Là comme partout, l’ancien régime devait se montrer hostile à l’initiative privée et à l’esprit d’association.

En 1680, Colbert remit aux intendans le bail du droit de boîte et l’adjudication des travaux de balisage. En 1735, l’ingénieur des turcies et levées est chargé de tout le service de la navigation entre Roanne et Nantes. En 1758, abolition du droit de boîte. Enfin en 1772 un édit supprime les frais de bureau de la Communauté. C’était la tuer. Le gouvernement avait remporté un de ces nombreux succès grâce auxquels il put alanguir, puis supprimer tous les organismes vivans de l’ancienne France. Comme bien d’autres gouvernemens despotiques, il s’emparait de recettes spontanément établies et payées par les habitans, en promettant de s’acquitter des services correspondans.
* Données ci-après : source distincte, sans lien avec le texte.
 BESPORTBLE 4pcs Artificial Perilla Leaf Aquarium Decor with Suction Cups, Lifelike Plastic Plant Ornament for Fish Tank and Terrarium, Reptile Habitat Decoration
Il devait un jour garder l’argent et oublier l’obligation.

Jusqu’à la Révolution, l’importance économique de la Loire se maintint. Après la guerre de Cent ans, c’est le règne des Valois, cet âge d’or de la vallée de la Loire. C’est la découverte de l’Amérique avec ses métaux précieux, ses pêcheries de Terre-Neuve, plus tard son sucre, son tabac, son café, ses esclaves, qui mettent Nantes au premier rang. Cette richesse se marque encore dans les quais, les ponts, les hôtels de la plupart des villes de la Loire ; beaucoup datent du XVIIe et du XVIIIe siècle. L’écrasement de notre pays en 1763 nous fait trop oublier l’admirable essor de notre commerce à cette époque.